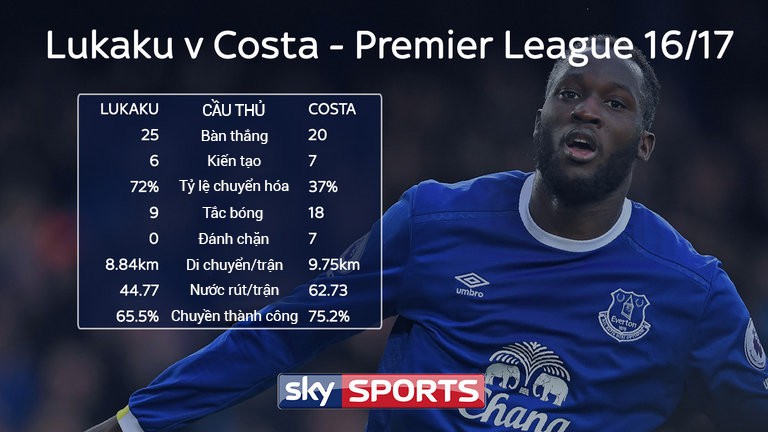 So sánh phong độ của Lukaku và Costa ở Premier League 2016/17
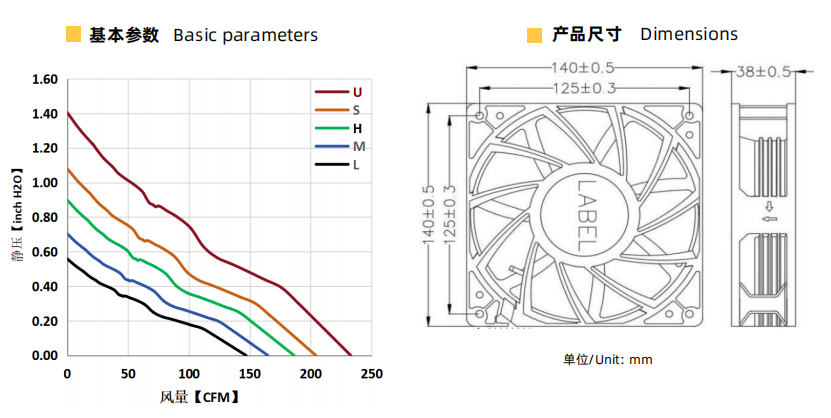 高密度设备散热用什么散热风扇?大尺寸高静压风扇选型指南 – 健策jentech02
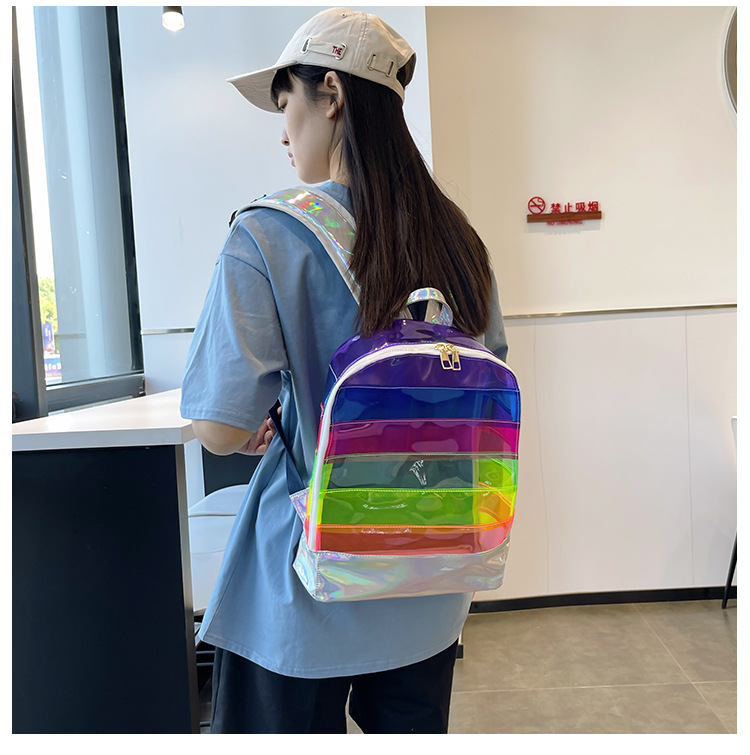 Waterproof Solid Color Casual Holiday Shopping Women's Backpack display picture 4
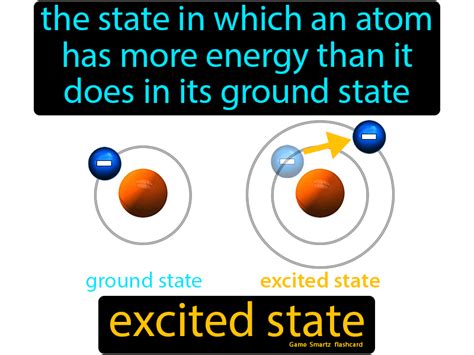 Which Electron Configuration Represents An Excited State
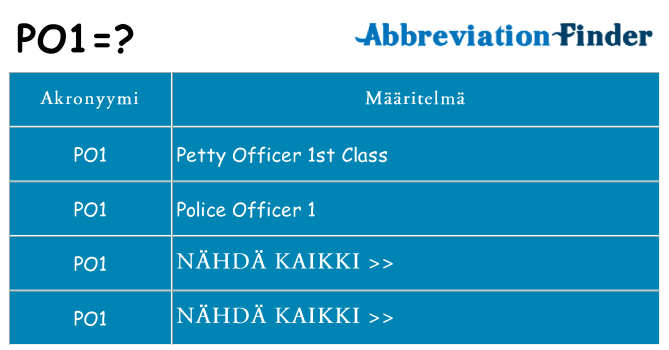 Mitä po1 tarkoittaa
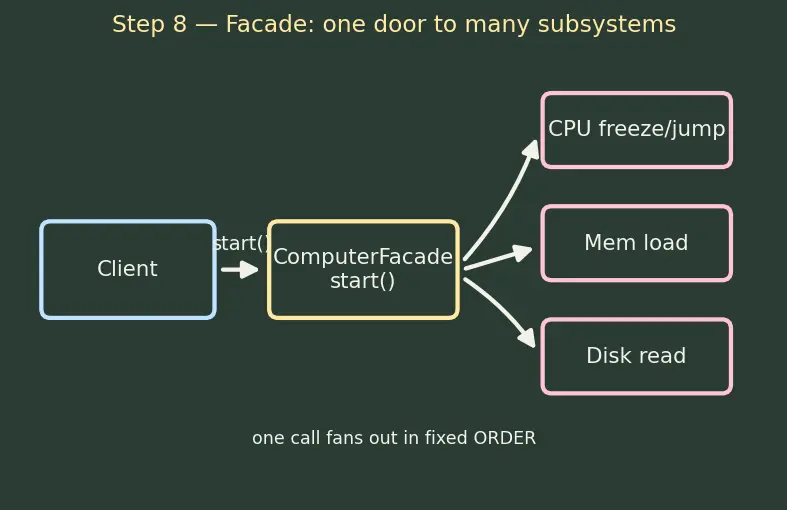 Figure — Design Patterns — Structural -  Adapter, Bridge, Composite, Decorator, Facade, Flyweight, Proxy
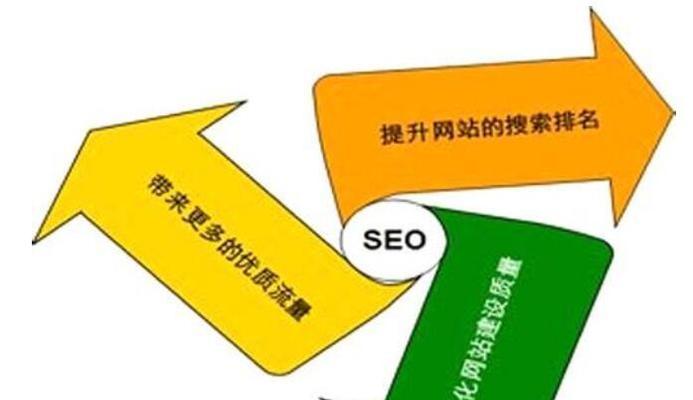 百度SEO，长期有效的网络推广方式（SEO优化）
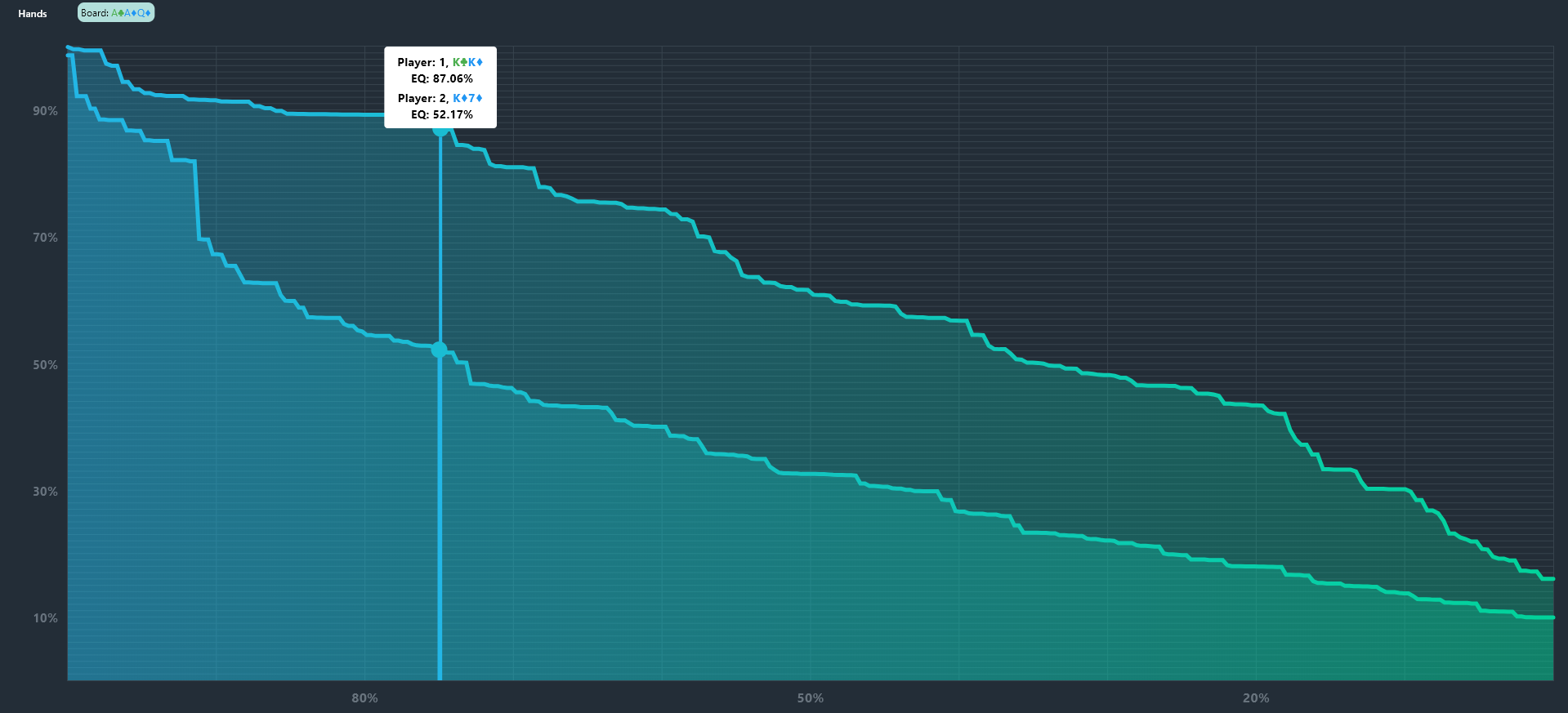 Line Chart Combos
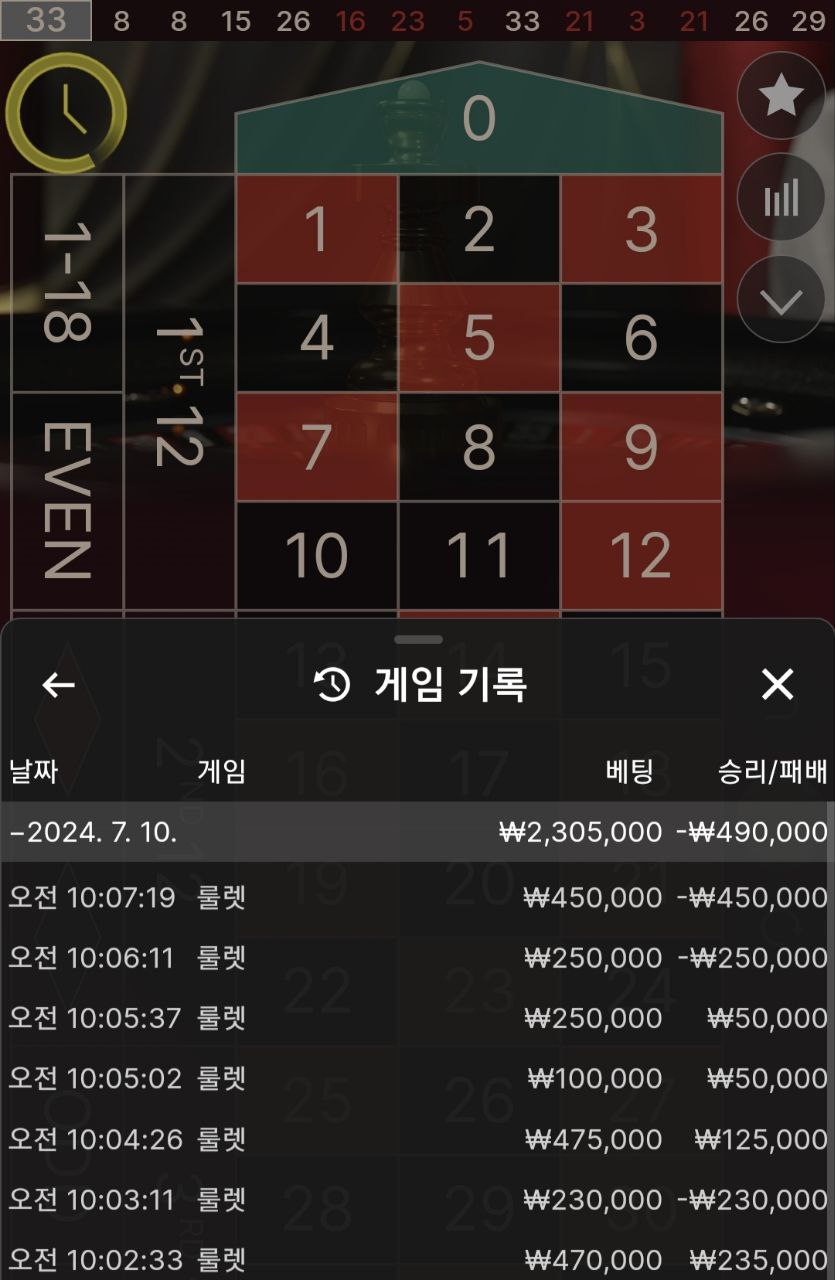 아리아카지노 후기(0)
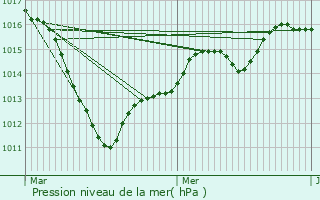 Graphe de la pression atmosphrique prvue pour Mlicocq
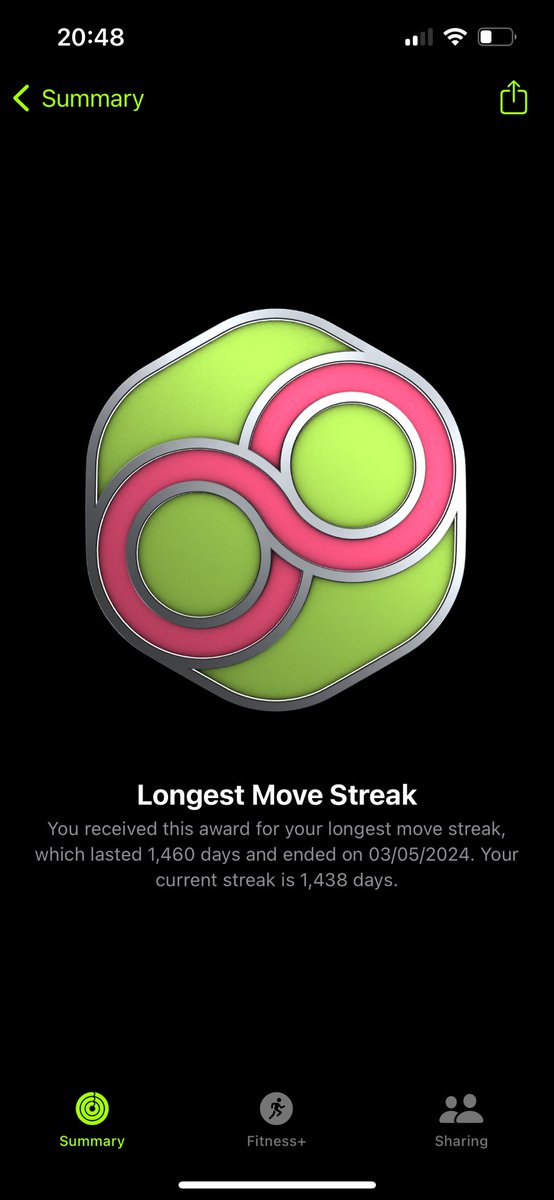 4 years to the day since my exercise every day streak started 👍 Still ongoing 💪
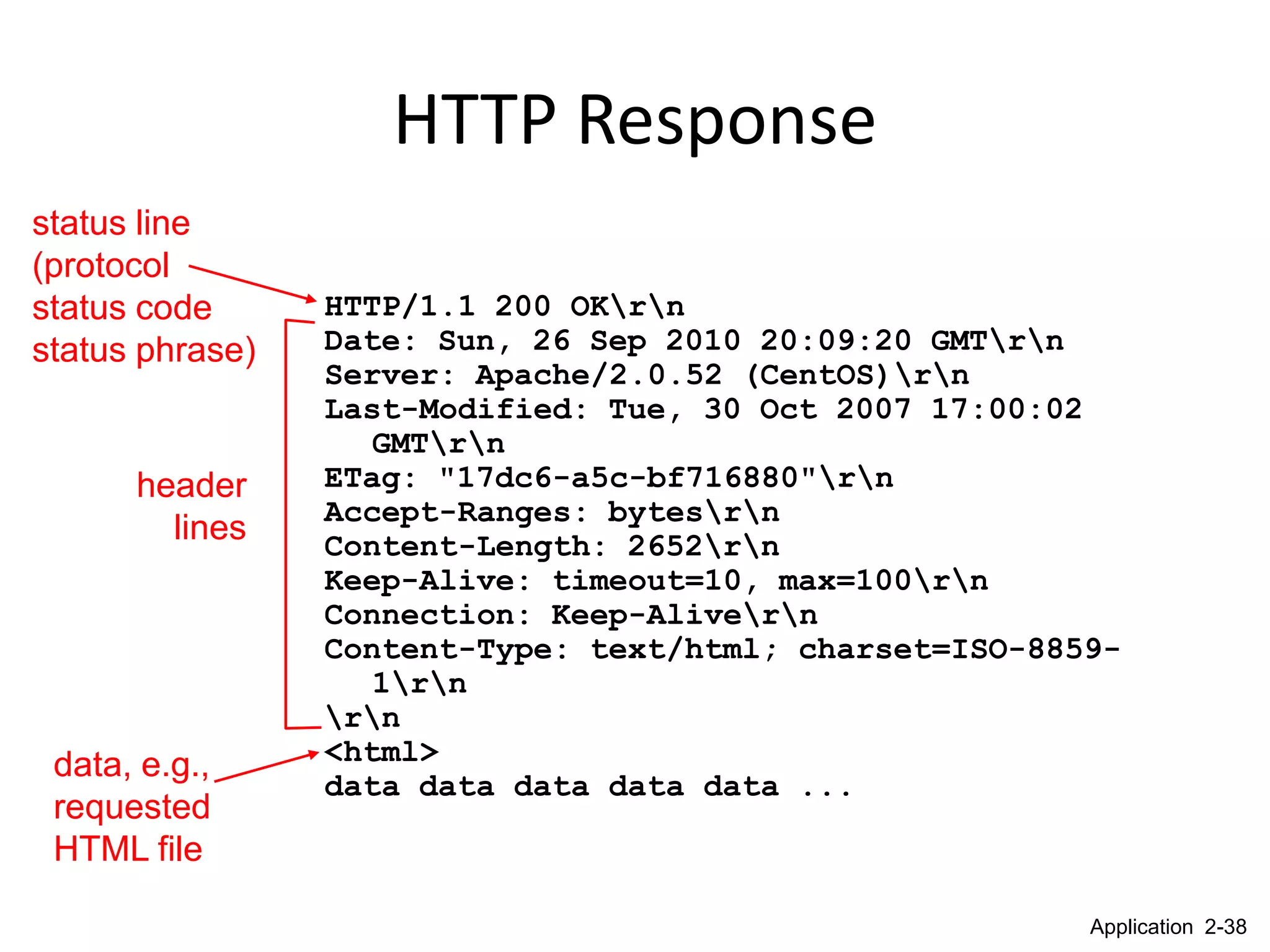 HTTP Response
status line
(protocol
status code      HTTP/1.1 200 OKrn
status phrase)   Date: Sun, 26 Sep 2010 20:09:20 GMTrn
                 Server: Apache/2.0.52 (CentOS)rn
                 Last-Modified: Tue, 30 Oct 2007 17:00:02
                    GMTrn
      header     ETag: "17dc6-a5c-bf716880"rn
                 Accept-Ranges: bytesrn
        lines    Content-Length: 2652rn
                 Keep-Alive: timeout=10, max=100rn
                 Connection: Keep-Alivern
                 Content-Type: text/html; charset=ISO-8859-
                    1rn
                 rn
 data, e.g.,     <html>
                 data data data data data ...
 requested
 HTML file

                                                         Application 2-38
 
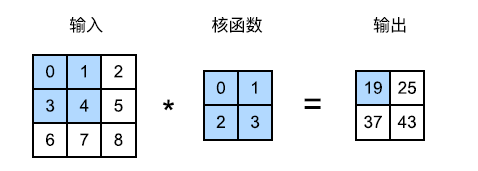 图6.2.1 二维互相关运算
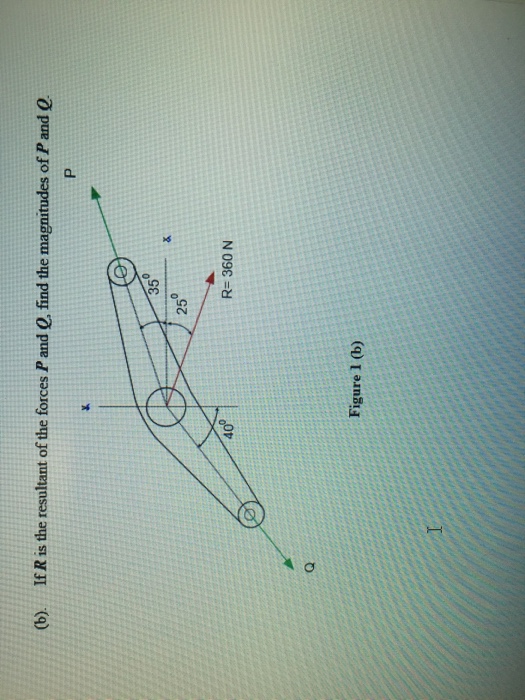 Solved 1 Find The Resultant Of Two Forces P And Q As Shown Chegg Com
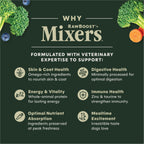 RawBoost+ Mixers Cage-Free Chicken Recipe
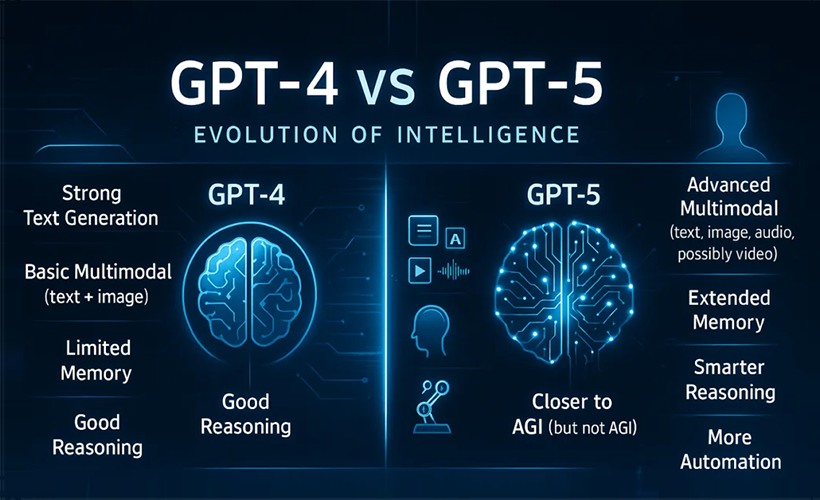 GPT-5 Is Coming, What Can We Say? gpt 5 is coming what can we say vs - GPT-5 Is Coming, What Can We Say?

■ ■ ■ ■ ■

▶ _Work instruction_
The required output is each line of the entries that contains the word "data".

▶ _Your solution_
 data, e.g.,     <html>
                 data data data data data ...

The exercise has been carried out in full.